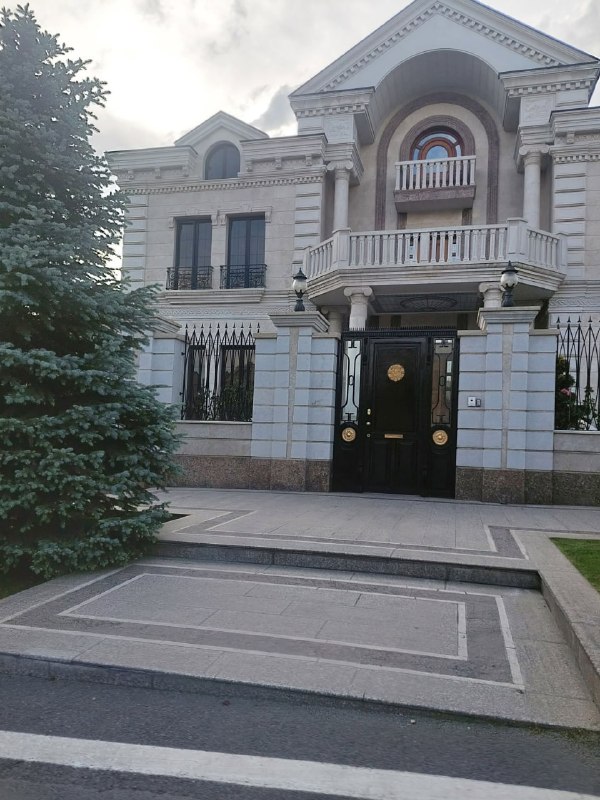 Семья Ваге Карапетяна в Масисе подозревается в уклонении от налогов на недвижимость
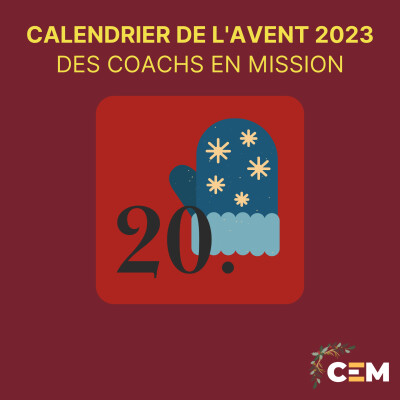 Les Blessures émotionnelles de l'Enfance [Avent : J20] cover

==

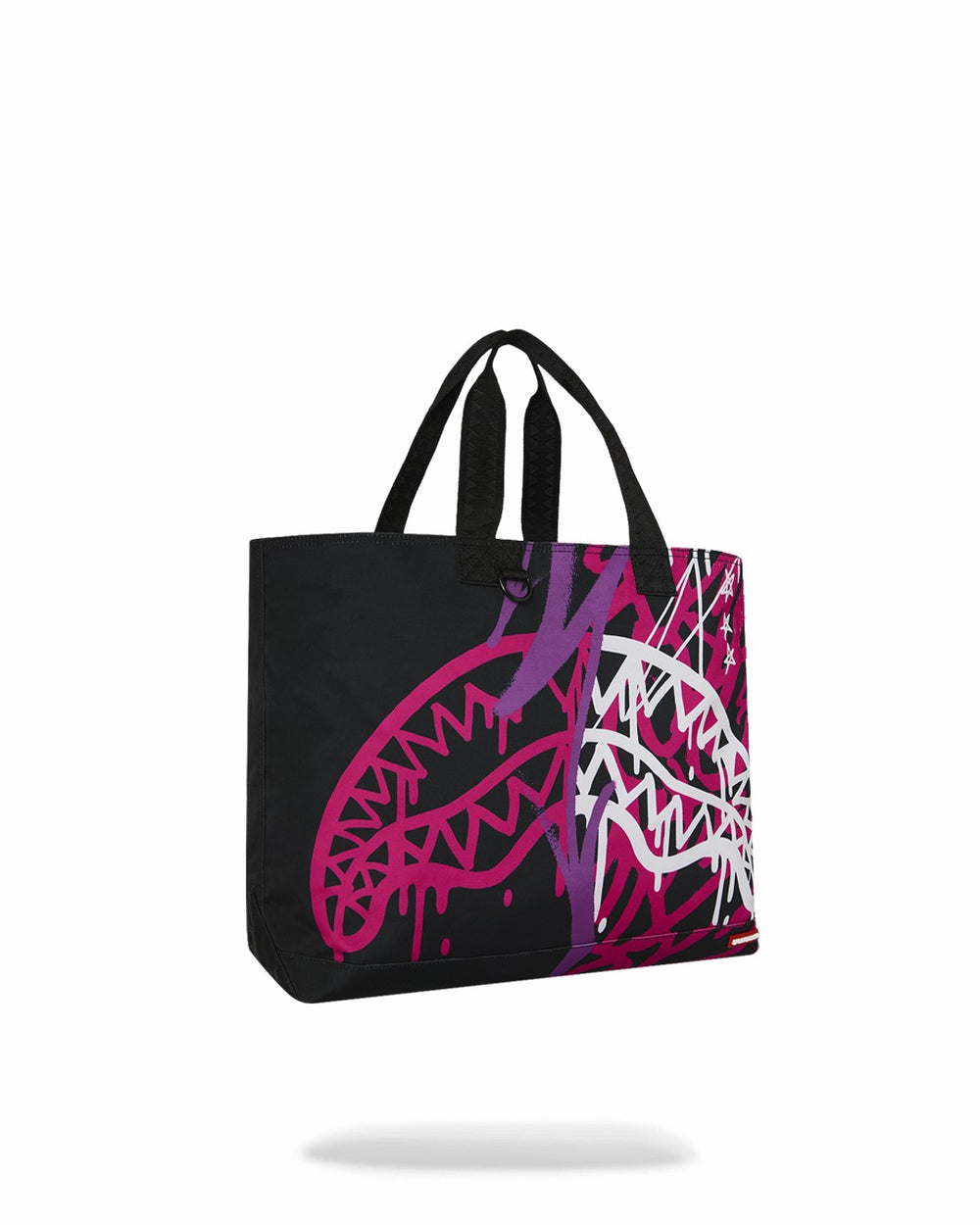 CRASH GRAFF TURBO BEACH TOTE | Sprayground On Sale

▶ **Work to be completed**
The result should be an exact copy of only the lines above from the one that holds "Семья Ваге Карапетяна" through the one that holds "Les Blessures émotionnelles", both ends included, without pictures.

▶ **Task response**
 Семья Ваге Карапетяна в Масисе подозревается в уклонении от налогов на недвижимость
 Les Blessures émotionnelles de l'Enfance [Avent : J20] cover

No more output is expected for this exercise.